Legislation to give some children of illegal immigrants a path toward legality failed a crucial Senate vote Wednesday, probably dooming any chance of major changes to the immigration system this year.

Supporters needed to 60 votes to advance the proposal, but the tally was 52-44. The measure would have allowed illegal immigrants who plan to attend college or join the military, and who came to the United States with their families before they turned 16, to move toward legality.

The Development, Relief and Education for Alien Minors Act — DREAM ACT for short — was a popular part of a broad immigration plan that would have legalized as many as 12 million unlawful immigrants and fortified the border.

That larger bill failed in the Senate in June. But proponents of the DREAM Act wanted to see if it would pass on its own.

"Children should not be penalized for the actions of their parents," said Senate Majority Leader Harry Reid, D-Nev.

"What crime did these children commit?" added Sen. Dick Durbin, D-Ill., the Senate's No. 2 Democrat. "They committed the crime of obeying their parents and following their parents to this country. Do you think there was a vote in the household about their future? I don't think so."

House Speaker Nancy Pelosi, D-Calif., said by blocking the bill, "Senate Republicans prevented a critical first step to address our nation's broken immigration system."

But Republican opponents of the bill said the plan was the first step to amnesty, which they said the Senate rejected in June. "I do not believe we should reward illegal behavior," Senate Republican leader Mitch McConnell of Kentucky said.

"This would be the wrong direction," added Sen. Jeff Sessions, R-Ala. "This would be to signal that once again we're focused on rewarding illegality rather than taking the steps necessary to create a lawful system."

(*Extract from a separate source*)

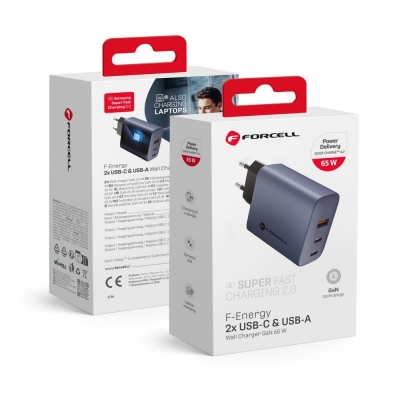 Įkroviklis Forcell F-Energy (2xUSB-C;1xUSB 4A 65W) juodas Įkroviklis Forcell F-Energy (2xUSB-C;1xUSB 4A 65W) juodas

Sen. Arlen Specter, R-Pa., saw a different problem. "I have grave reservations about seeing a part of comprehensive immigration reform going forward, because it weakens our position to get a comprehensive bill," he said.

The White House opposes the legislation, but did not threaten to veto it.

While sympathetic to children brought into the country illegally by their parents, the White House said in a statement the bill falls short by "creating a special path to citizenship that is unavailable to other prospective immigrants — including young people whose parents respected the nation's immigration laws."

The immigration issue brings out passion from those on both sides of the issue. On Tuesday, GOP Rep. Tom Tancredo of Colorado called for an immigration raid on Durbin's news conference in the Capitol.

Tancredo, who opposes the bill, said he suspected there might be illegal immigrants at the senator's news conference in favor of the bill.

No one from immigration showed up, Durbin said later. There were no illegal immigrants there anyway, he said.